> **WORK INSTRUCTION**
Stop after the line that contains "Makeup Pad Set". Until then, retype each line of the entries exactly from the first one, skipping pictures.

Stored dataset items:

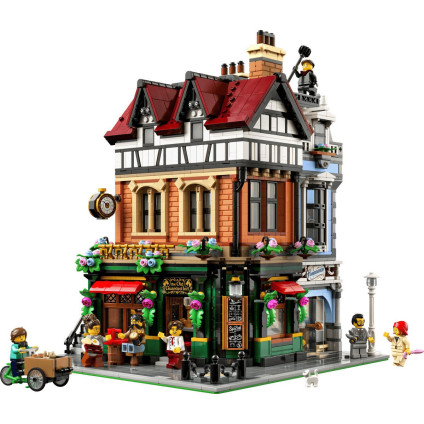 Конструктор LEGO Icons 10350 Тюдоровский угол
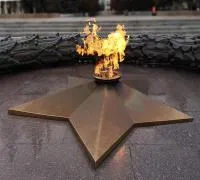 Звезда вечного огня листовая бронза чугун в Ржеве (518589)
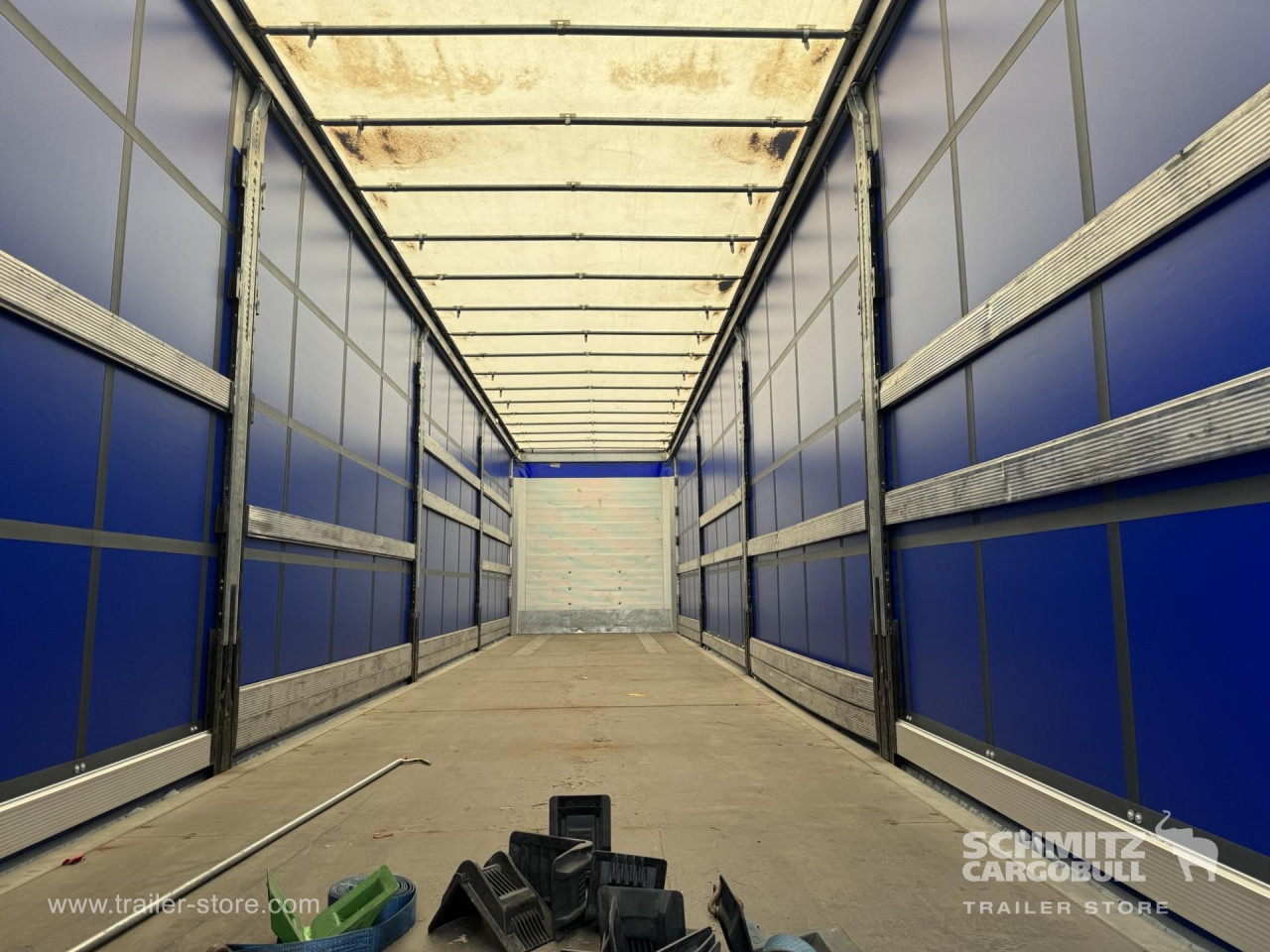 SCHMITZ Curtainsider Standard - סמיטריילר עם וילונות צד: תמונה 4 SCHMITZ Curtainsider Standard - סמיטריילר עם וילונות צד: תמונה 4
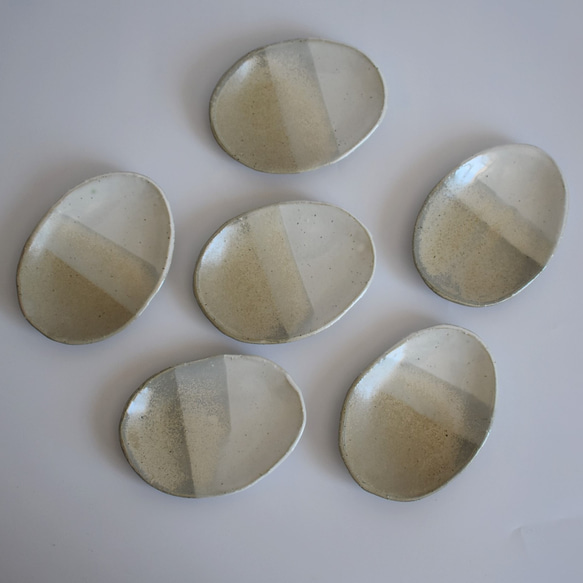 3色たまご型小皿　白御影土×チタンマット釉・白鼠結晶釉 11枚目の画像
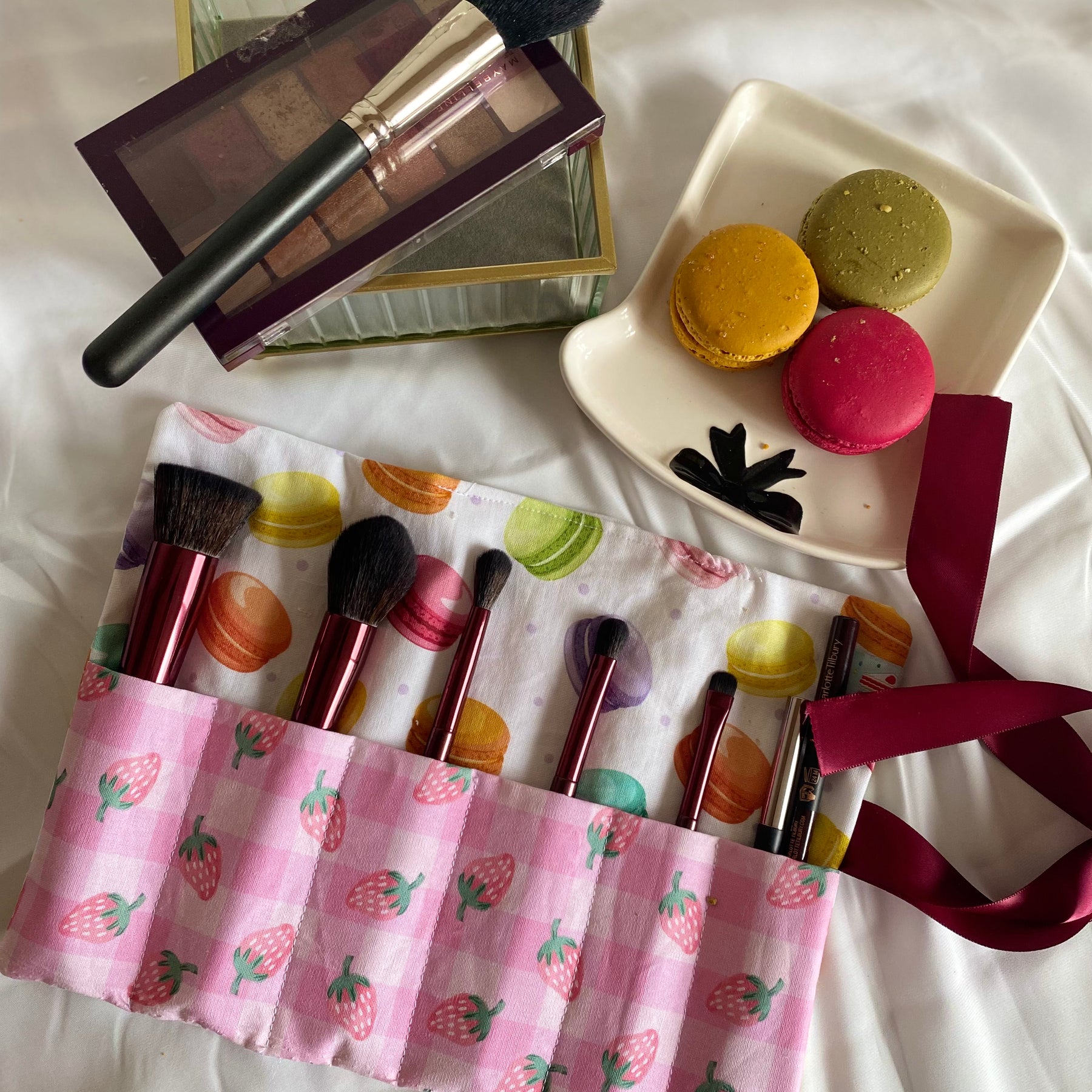 🍓 Foodie-Inspired Makeup Brush Roll & Reusable Makeup Pad Set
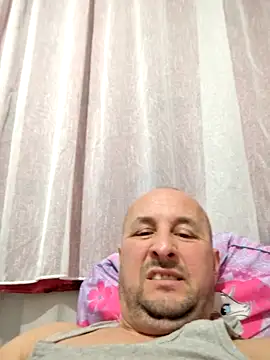 Snapshot of intx800 chatting on March 4, 6:03 pm intx800 online show from March 4, 6:03 pm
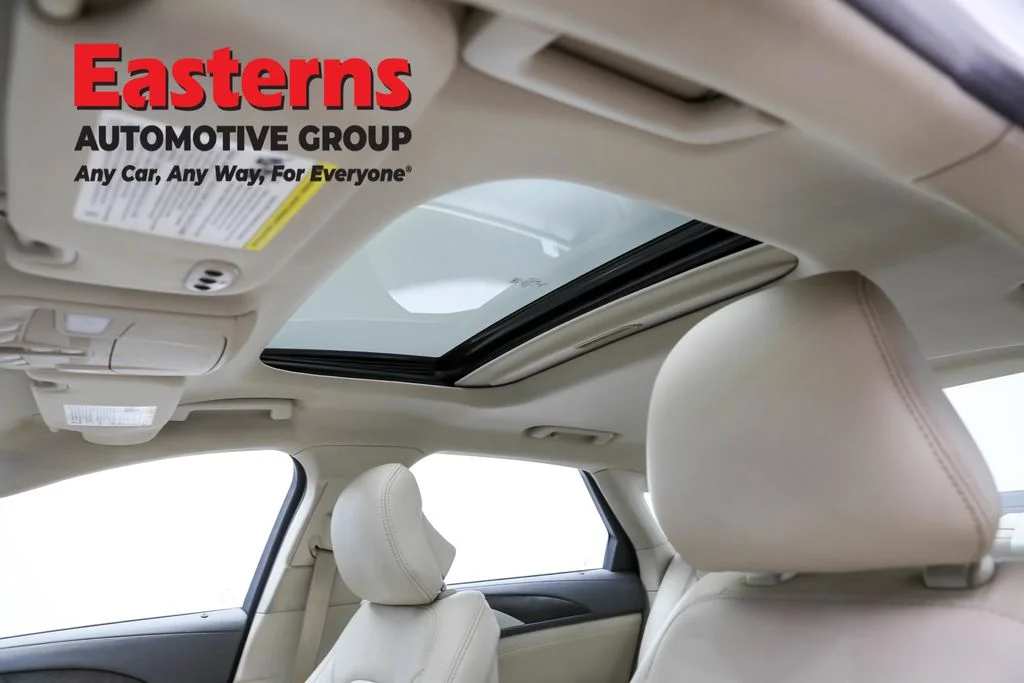 Used 2019 White Lincoln Reserve image 35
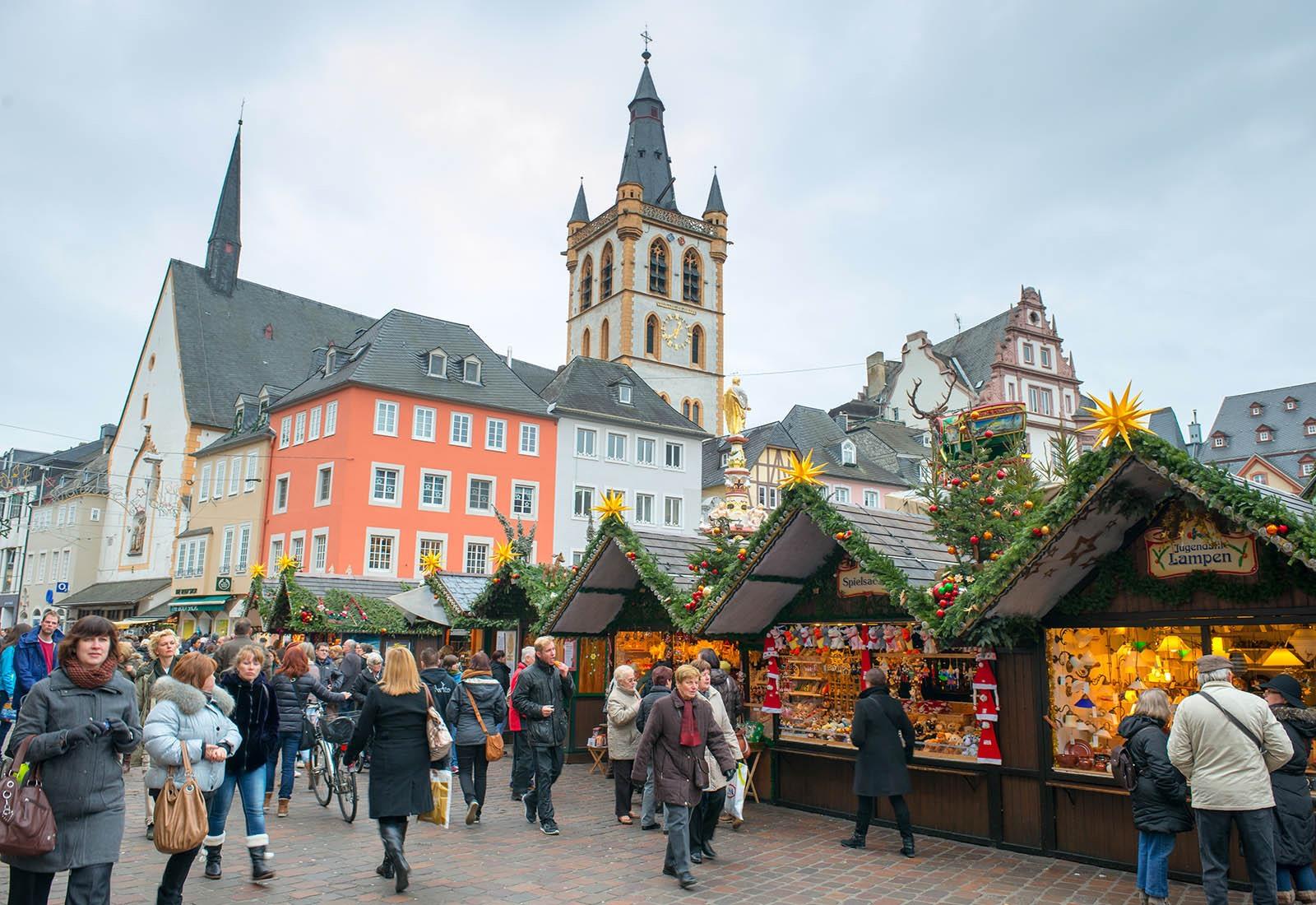 Kerstmarkt Trier 2024 bezoeken? Wandeling langs kerstmarkten Trier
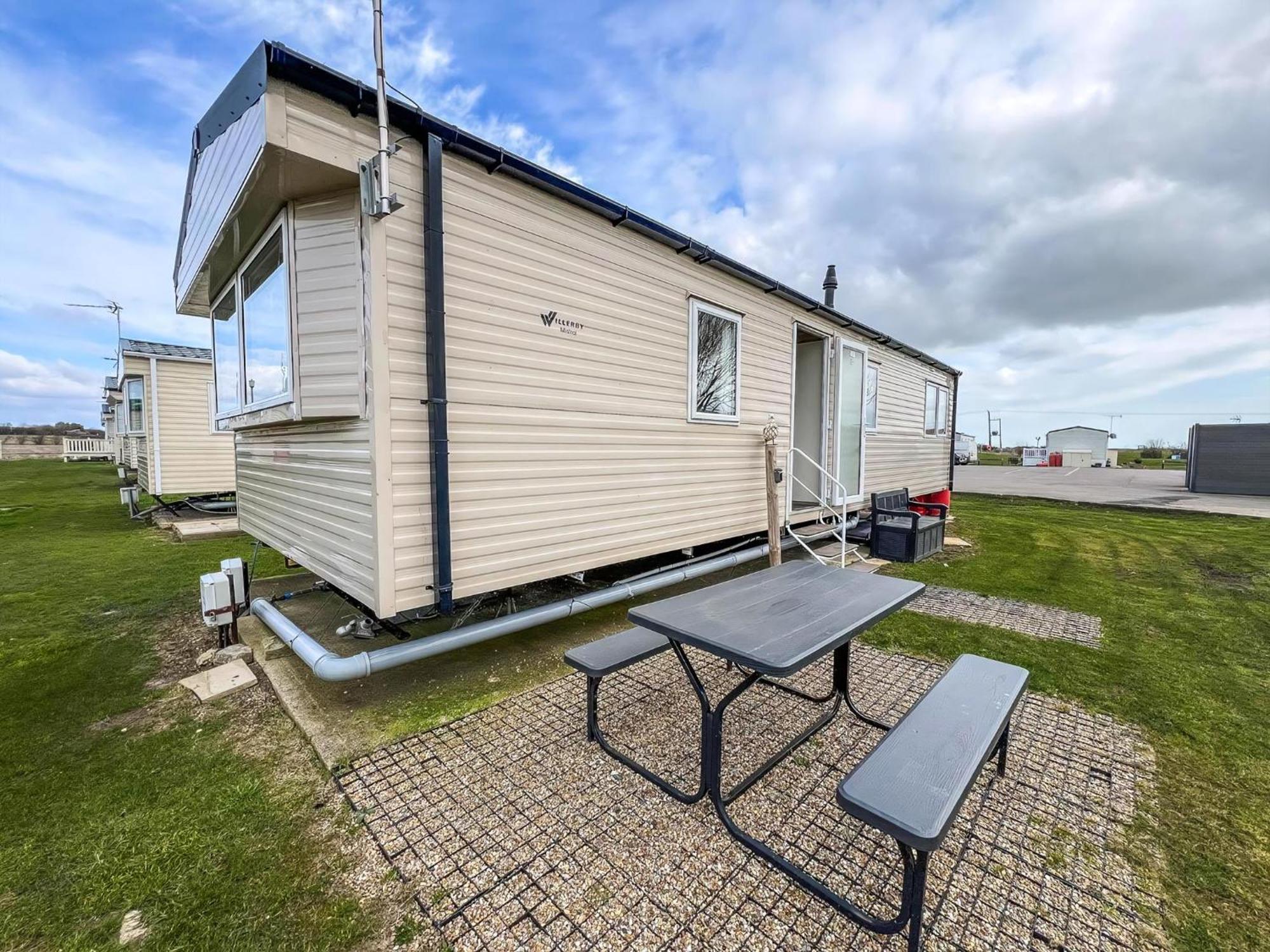 Modern 6 Berth Caravan With Wifi At St Osyth In Essex Ref 28051fv *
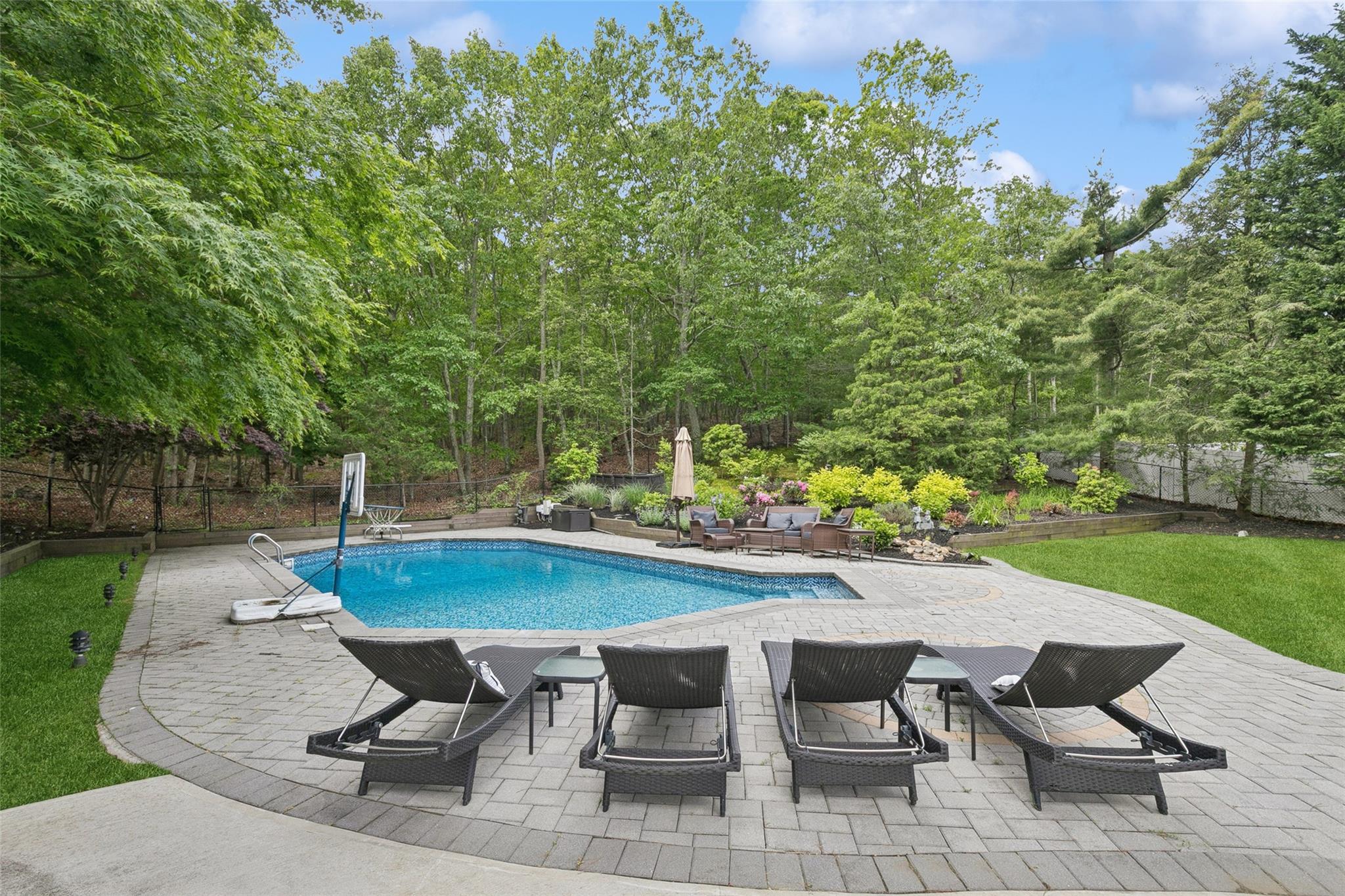 65 Timber Ridge Drive, Commack, New York image 25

> **ANSWER SECTION**
 Конструктор LEGO Icons 10350 Тюдоровский угол
 Звезда вечного огня листовая бронза чугун в Ржеве (518589)
 SCHMITZ Curtainsider Standard - סמיטריילר עם וילונות צד: תמונה 4 SCHMITZ Curtainsider Standard - סמיטריילר עם וילונות צד: תמונה 4
 3色たまご型小皿　白御影土×チタンマット釉・白鼠結晶釉 11枚目の画像
 🍓 Foodie-Inspired Makeup Brush Roll & Reusable Makeup Pad Set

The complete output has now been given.